(SUPPLIED INFORMATION)

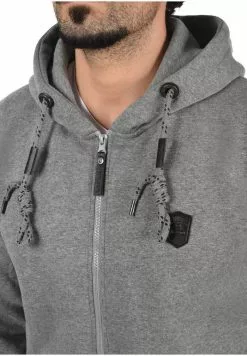 INDICODE JEANS IDBARNHILL - Sweat à Capuche Zippé - Grey Mix 9 INDICODE JEANS IDBARNHILL - Sweat à Capuche Zippé - Grey Mix -INDICODE JEANS Boutique fd902c99e9714302bae5062b0c14376e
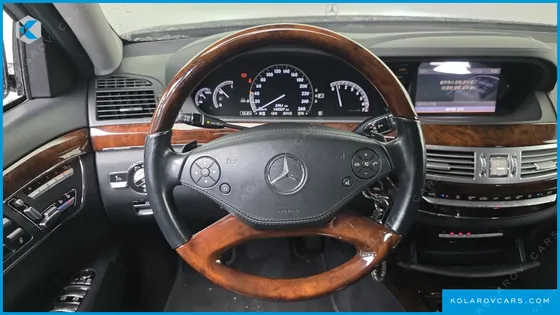 MERCEDES S-CLASS S500L BLUEEFFICIENCY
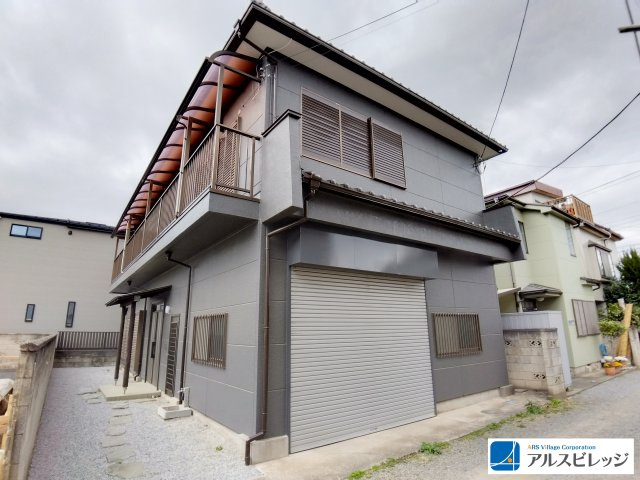 中古／川越市岸町2丁目の外観|南西側南東側にドッグランなどに利用できるスぺースあり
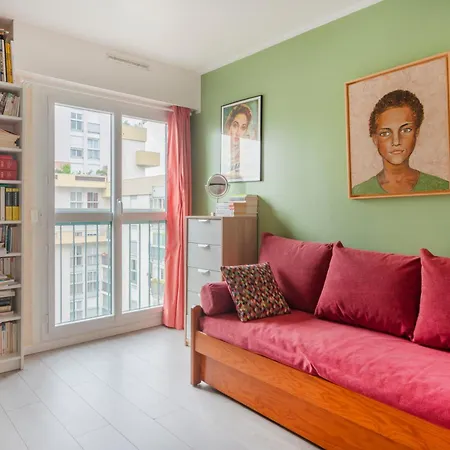 Appartement Rebeval Parijs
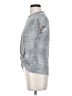 Stateside 100% Supima Cotton Silver Short Sleeve Top Size S - photo 5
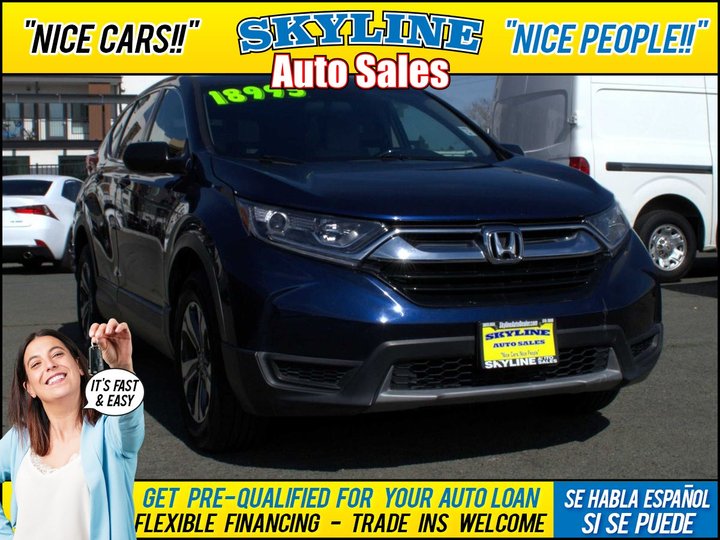 2018 HONDA CR-V for sale in SANTA ROSA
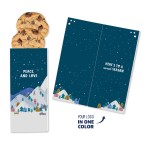 One Color Foil-Stamped Stock Holiday Sentiment Sweeter Cards with Chocolate Chip Cookies 2 One Color Foil-Stamped Stock Holiday Sentiment Sweeter Cards with Chocolate Chip Cookies 2
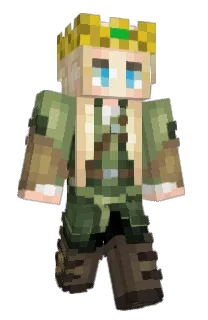Front of Ceit's skin
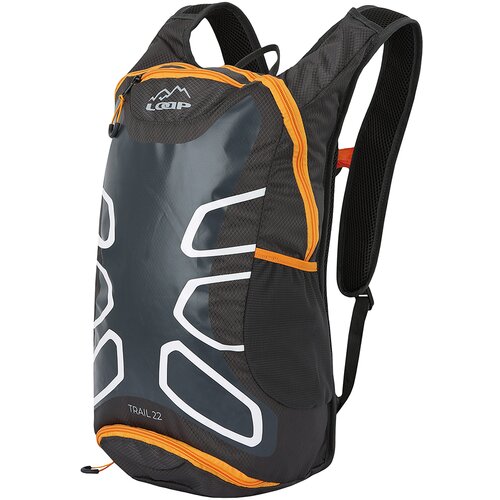 LOAP Cycling backpack TRAIL 22 Grey/Yellow Slike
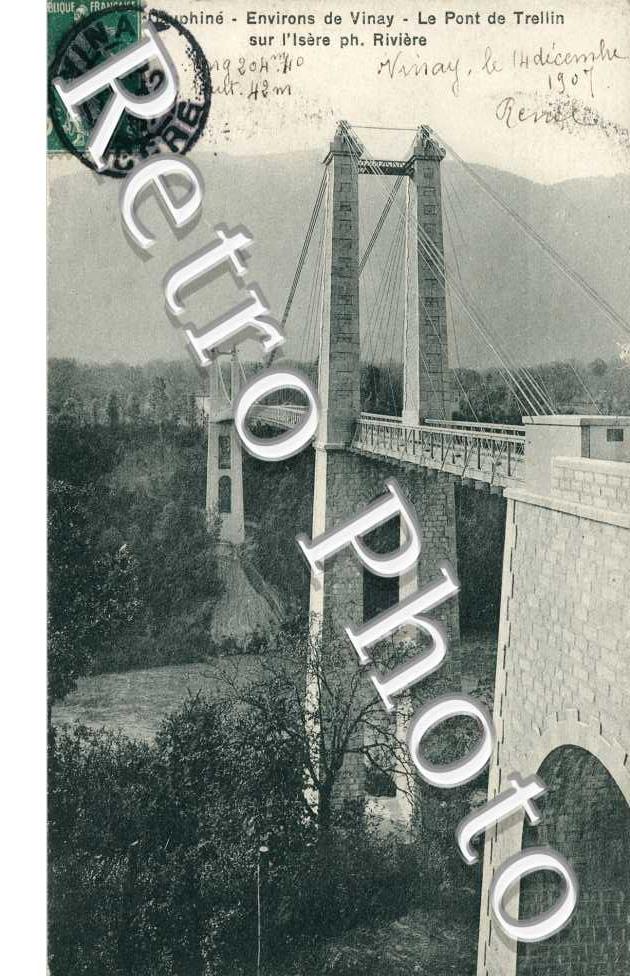 le Pont de Trellin sur l'Isere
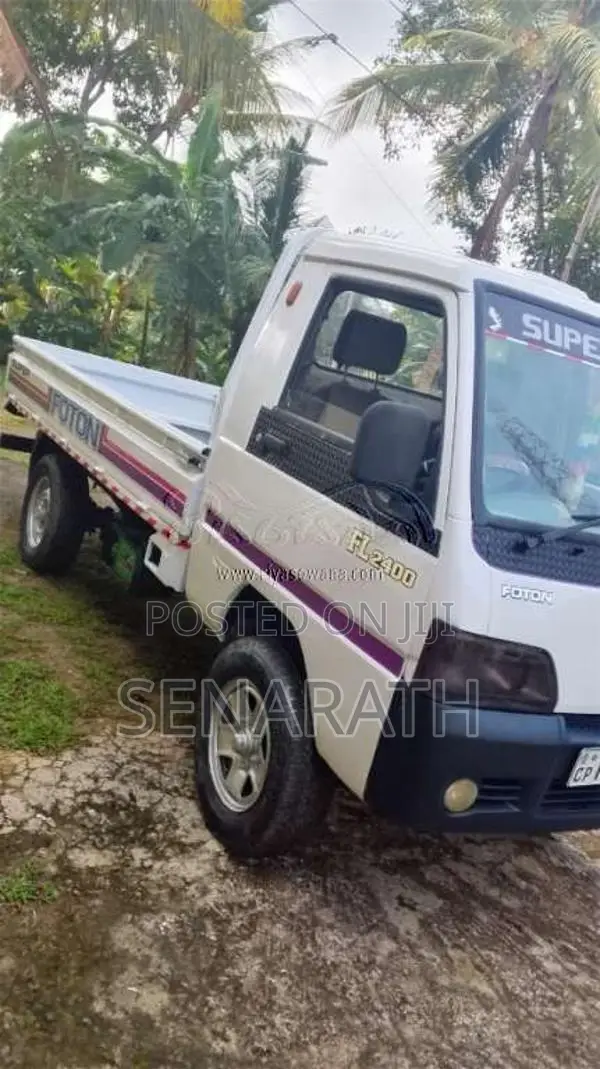 Foton Double 2013 Lorry (Used)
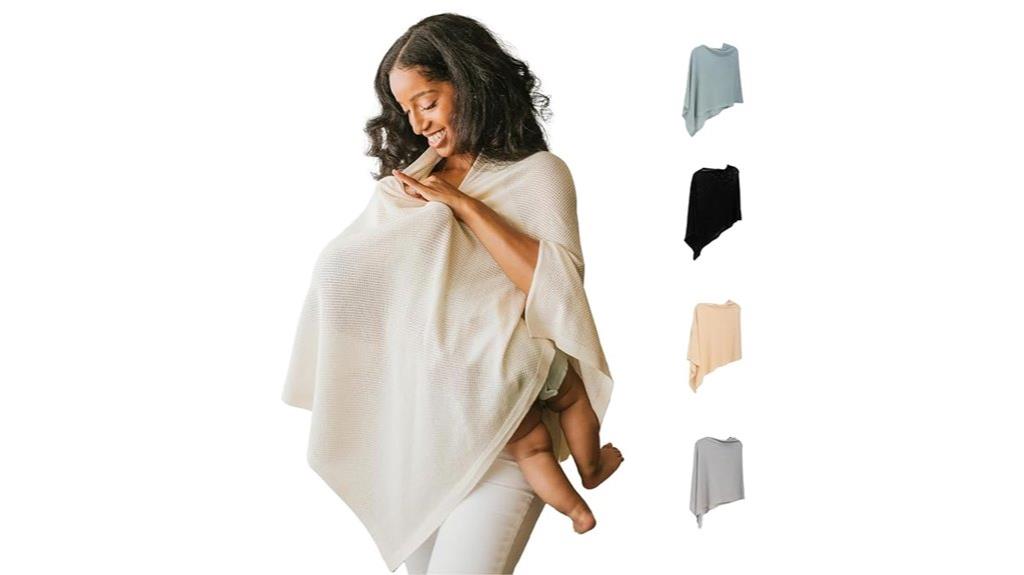 breathable nursing cover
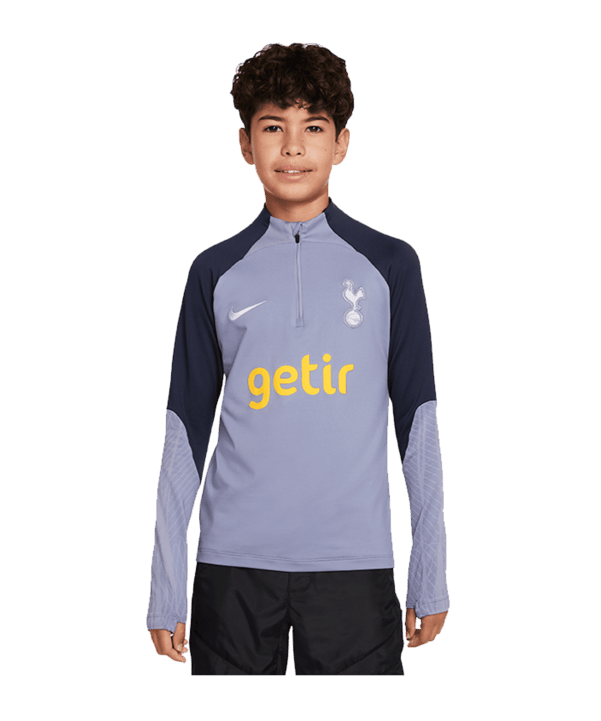 Nike Tottenham Hotspur Drill Top Kids Lila F524 - lila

(End SUPPLIED INFORMATION)

#### WHAT YOU HAVE TO DO:
Copying starts at the line containing "MERCEDES S-CLASS S500L BLUEEFFICIENCY" and ends at the last line of the material above; repeat only those lines exactly and omit the pictures.

#### WORKED SOLUTION:
 MERCEDES S-CLASS S500L BLUEEFFICIENCY
 中古／川越市岸町2丁目の外観|南西側南東側にドッグランなどに利用できるスぺースあり
 Appartement Rebeval Parijs
 Stateside 100% Supima Cotton Silver Short Sleeve Top Size S - photo 5
 2018 HONDA CR-V for sale in SANTA ROSA
 One Color Foil-Stamped Stock Holiday Sentiment Sweeter Cards with Chocolate Chip Cookies 2 One Color Foil-Stamped Stock Holiday Sentiment Sweeter Cards with Chocolate Chip Cookies 2
Front of Ceit's skin
 LOAP Cycling backpack TRAIL 22 Grey/Yellow Slike
 le Pont de Trellin sur l'Isere
 Foton Double 2013 Lorry (Used)
 breathable nursing cover
 Nike Tottenham Hotspur Drill Top Kids Lila F524 - lila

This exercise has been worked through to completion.